When a CEO writes 'we faced significant headwinds in our consumer segment, characterised by inventory recalibration and competitive repositioning' instead of 'sales fell because customers switched to a cheaper competitor', the obfuscation is the signal. Loughran-McDonald counts how many such hedge words, negative-finance words, and uncertain qualifiers appear relative to the section length. Li adds the readability dimension — sentences over 25 words, paragraphs over 100 words, Latin-derived rare vocabulary. Both compress to one truth: when management writes opaquely, the next four quarters tend to disappoint.
for each 10-K MD&A section: neg_frac = count(LM_negative_words) / count(words) unc_frac = count(LM_uncertain_words) / count(words) litig_frac = count(LM_litigious_words) / count(words) fog_index = 0.4 · ( avg_words_per_sentence + 100·hard_word_frac ) nlp_raw = -1 · ( w₁·neg_frac + w₂·unc_frac + w₃·litig_frac + w₄·fog_z ) nlp = z_score( nlp_raw ) // sign flipped: less negative = bullish
Sign flip again so the factor reads bullish-when-high. Fog index is z-scored against the universe before being blended — large companies tend to have systematically denser legal language, so the absolute Fog level matters less than where a ticker sits relative to its peers. The four blend weights are not disclosed, but the four anchors (negative, uncertain, litigious, readability) are public LM/Li categories.
The NLP cron runs Sundays 11:30 + 11:45 UTC. It pulls the latest 10-K from SEC EDGAR XBRL, extracts the Item 7 (MD&A) section via a regex over the embedded HTML, tokenises with the LM dictionaries (negative, positive, uncertain, litigious, modal, constraining), and scores. Coverage is currently ~74% of the universe — the regex fails on a long tail of non-standard 10-K formats, mostly older filings or REITs with irregular item-numbering. We're tuning the regex pass each month.

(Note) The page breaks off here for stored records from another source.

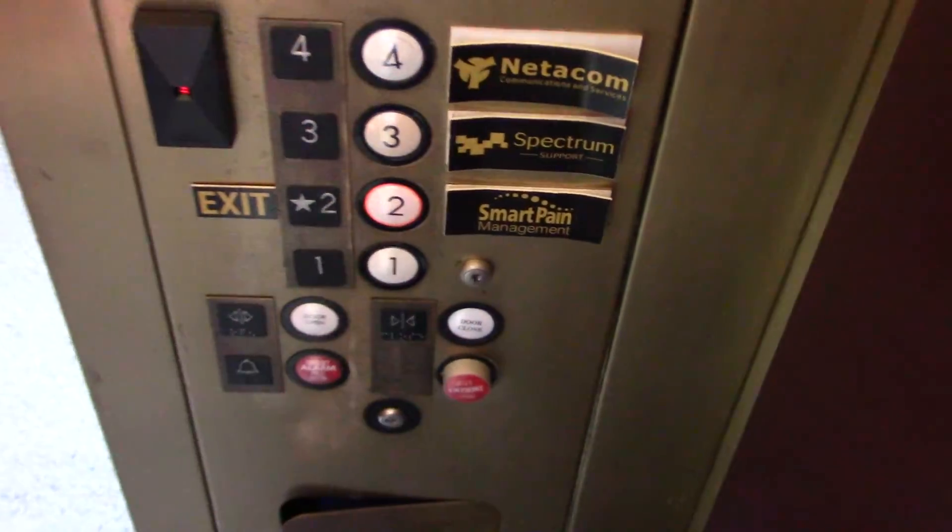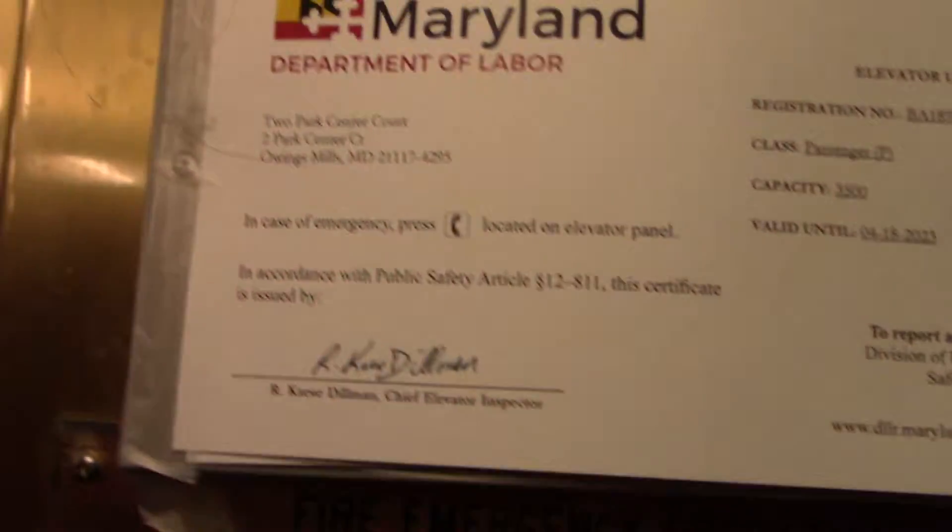This is the elevator at Two Crossroads. It's a U.S. circle button. Two parks in there.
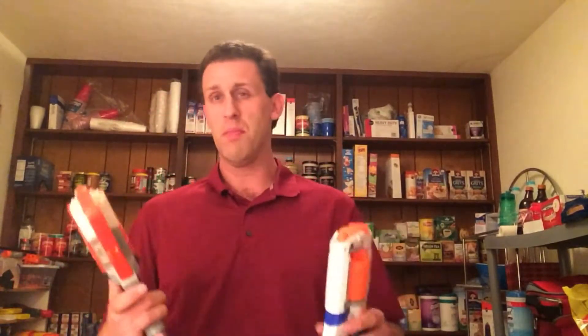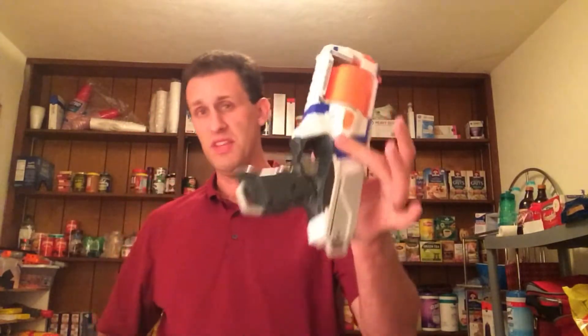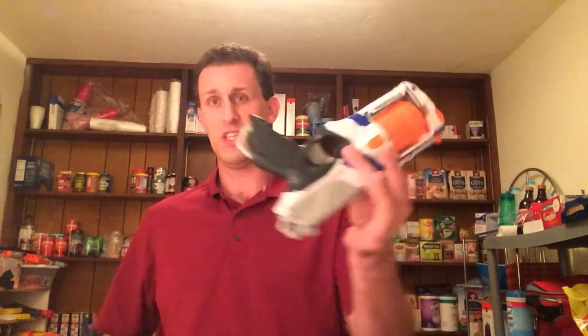Public service announcement: Target is still doing buy two get one free until Saturday on Nerf. Something I'm doing a review on soon — the Power Bolts stuff from Dark Zone — will not be on sale. But if you have Nerf stuff, you're good. Price match online: this is $10 online, $12 in the store. Target will price match their website, so you can get three of these for $20. Sling fires are $14 online, so you get three of them for under $10 each on average.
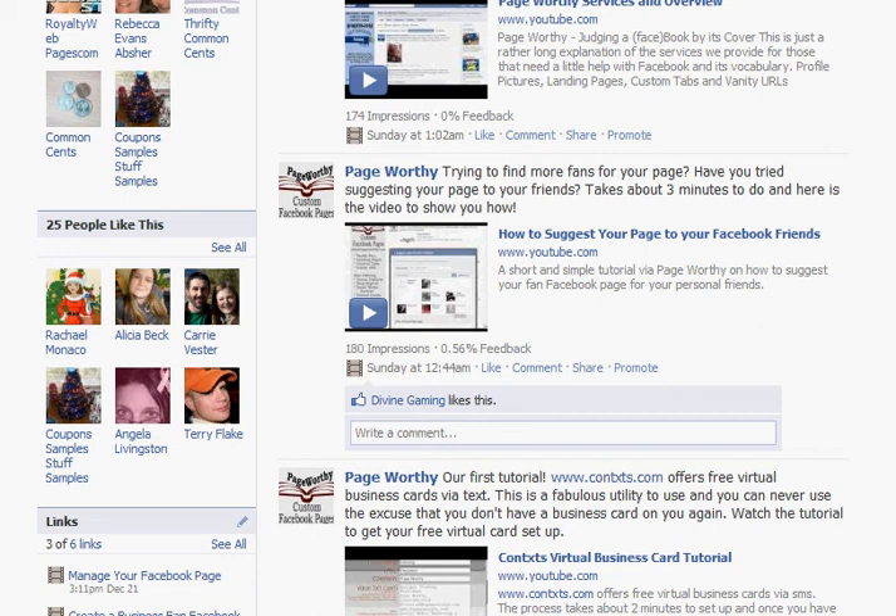Hey, this is Kehlani with Pageworthy and we have just celebrated our 25th person to like us. This is a big thing for Facebook because that means I can get my personalized URL for Pageworthy now.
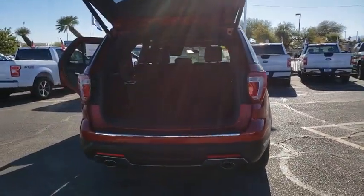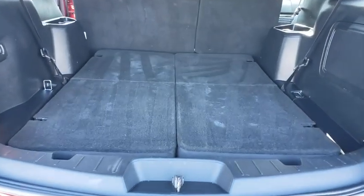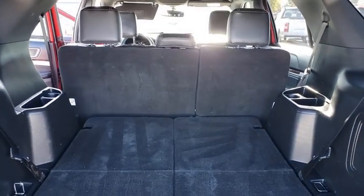Traction control, power liftgate, navigation system, power passenger seat, moonroof, Bluetooth, dual airbags, leather-wrapped steering wheel, power steering, alloy wheels, four-wheel disc brakes.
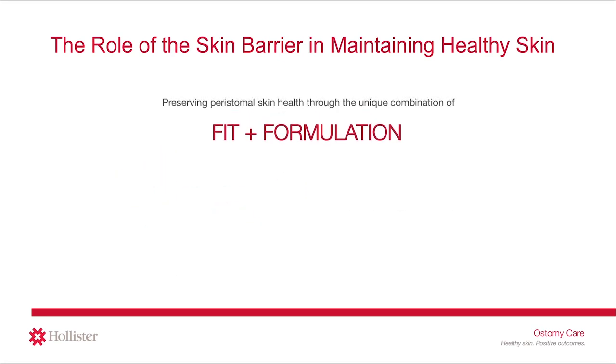You may have worked with an ostomy nurse who assessed your stoma, abdomen, and skin to help choose the right barrier fit to help prevent leakage. There are many different barrier fits, such as flat, soft convex, firm convex, cut to fit, pre-sized, tape, and tapeless options.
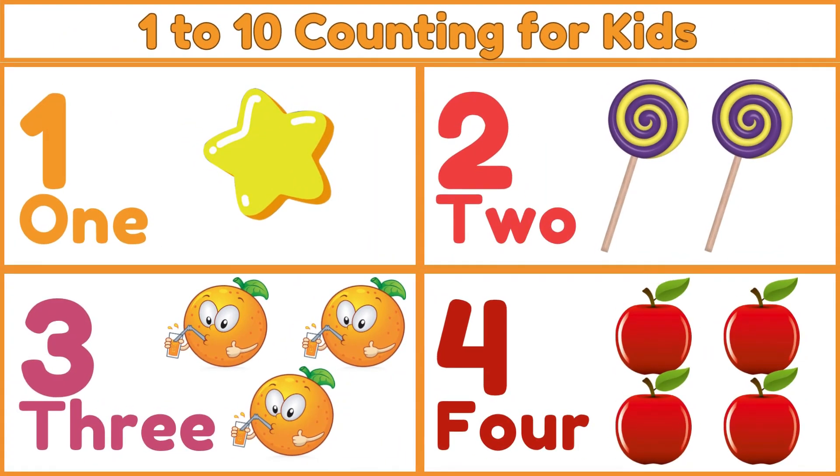Hello kids! Today we are learning about 1 to 10 counting. 1 — O N E — 1. 1 star.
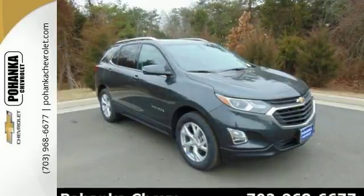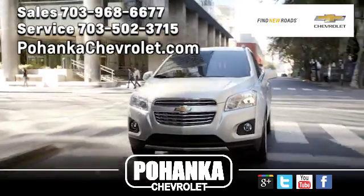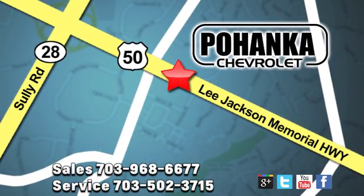Make sure you're ready for your next road trip. Test drive this Equinox today. Pohenka Chevrolet is a great place to buy a car. We're conveniently located at 13915 Lee Jackson Memorial Highway, Route 50 in Chantilly.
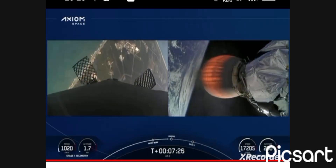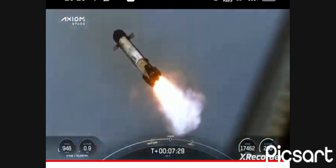Coming to you from one of our tracking cameras, we can see the grid fins actuating to help steer the booster down.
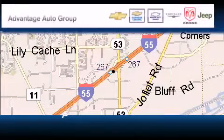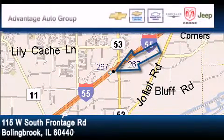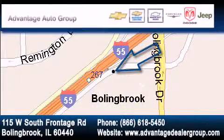Advantage Chevrolet Bolingbroke is located at 115 West South Frontage Road in Bolingbroke. Our goal is to exceed all of your expectations to ensure that you'll return for future visits.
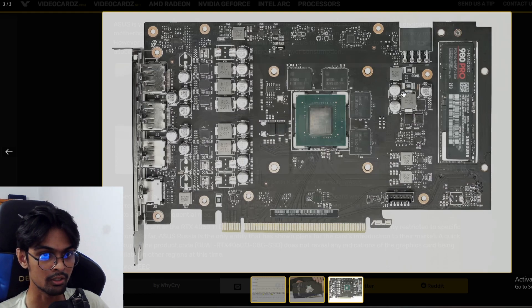We have seen some very cool looking cards from Asus recently. Innovation is good.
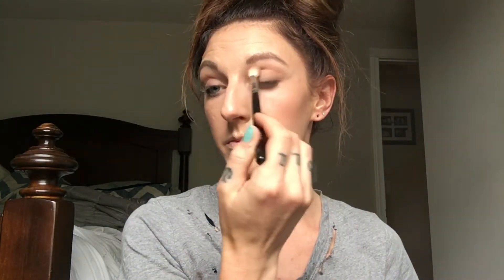Now with the color Omega by MAC, I'm going to take a fluffier brush — this one is by Coastal Scents or Crown, I'm not sure which one — and focus that on the outer corner and in the crease, and then again underneath the lash line.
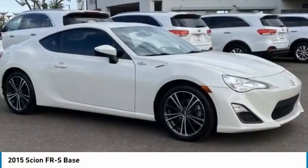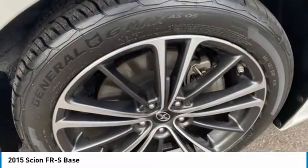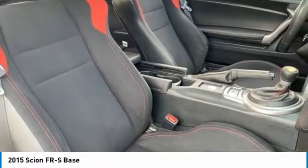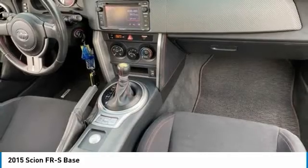Here are some of this vehicle's great options: tire pressure monitor, aluminum wheels, brake assist, traction control, stability control, daytime running lights, engine immobilizer, four-wheel disc brakes, rear wheel drive, and remote trunk release.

NLP is the strongest companion factor for PEAD — together they decompose earnings news into the number (PEAD) and the narrative around the number (NLP). Bullish PEAD + bullish NLP fires EARNINGS MOMENTUM CASCADE; bullish PEAD + bearish NLP fires EARNINGS DISSONANCE (Tetlock 2007's mechanism — when management hedges around a beat, the beat is suspect). NLP also pairs with Insider: officers buying while writing optimistically is doubly bullish (INSIDER + NARRATIVE CONFLUENCE pattern). Finally, NLP and Quality interact — high quality with deteriorating tone is an early warning the moat is cracking.
Three known failure modes. (1) Boilerplate inflation. Compliance counsel adds risk-factor language each year; the same company's 10-K has more LM-negative words in 2025 than in 2015 even if the business is unchanged. We partly mitigate via z-scoring across the universe, but absolute trend in negative tone has slowly drifted up. (2) Foreign filers. 20-F filings (used by ADRs) follow a different structure than 10-K, and our extractor's coverage is weaker there — pending fix. (3) Q-only signals. The factor only updates on annual filings; intra-year tone shifts (10-Q MD&A, conference calls, press releases) are not yet incorporated. Adding 10-Q tone is on the post-16-May roadmap.
Every ticker page shows the per-factor decomposition. The NLP score is one of twelve composing the 0–100 APEX composite.